---------- Records to process ----------

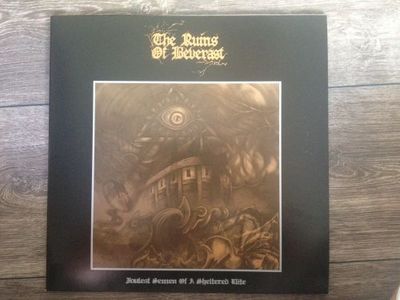 The ruins of beverast foulest semen of a sheltered elite [2xlp]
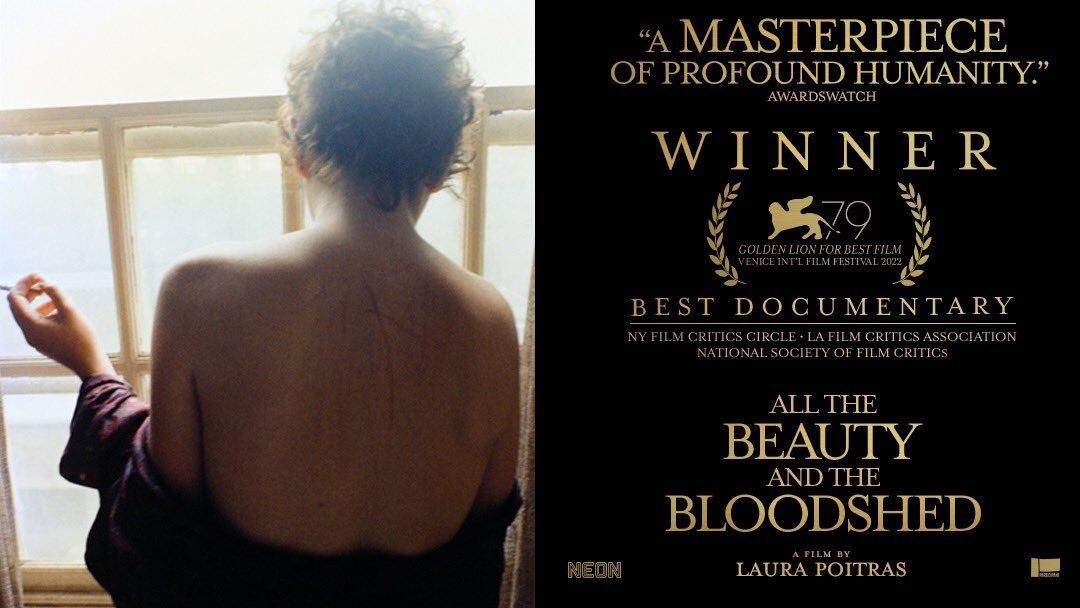 All the Beauty and the Bloodshed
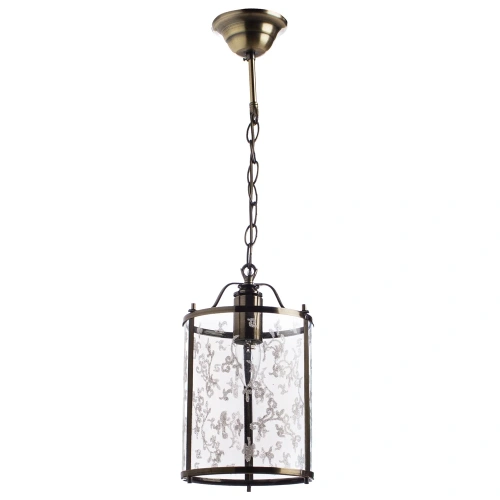 Подвесной светильник Arte Lamp BRUNO A8286SP-1AB Подвесной светильник Arte Lamp BRUNO A8286SP-1AB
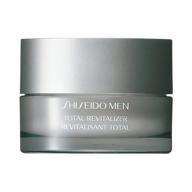 shiseido men total revitalizer cream 标志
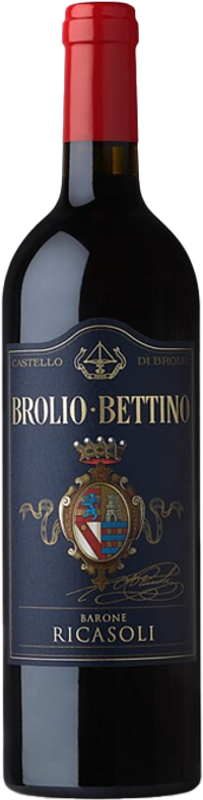 Bottle of Brolio Bettino Chianti Classico DOCG from Barone Ricasoli / Castello di Brolio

----------

:: Exercise aim ::
Your task is to retype exactly the lines that run from the line with "Подвесной светильник Arte Lamp BRUNO A8286SP-1AB Подвесной" through the last line of the material, with the pictures left out.

:: Result of this task ::
 Подвесной светильник Arte Lamp BRUNO A8286SP-1AB Подвесной светильник Arte Lamp BRUNO A8286SP-1AB
 shiseido men total revitalizer cream 标志
 Bottle of Brolio Bettino Chianti Classico DOCG from Barone Ricasoli / Castello di Brolio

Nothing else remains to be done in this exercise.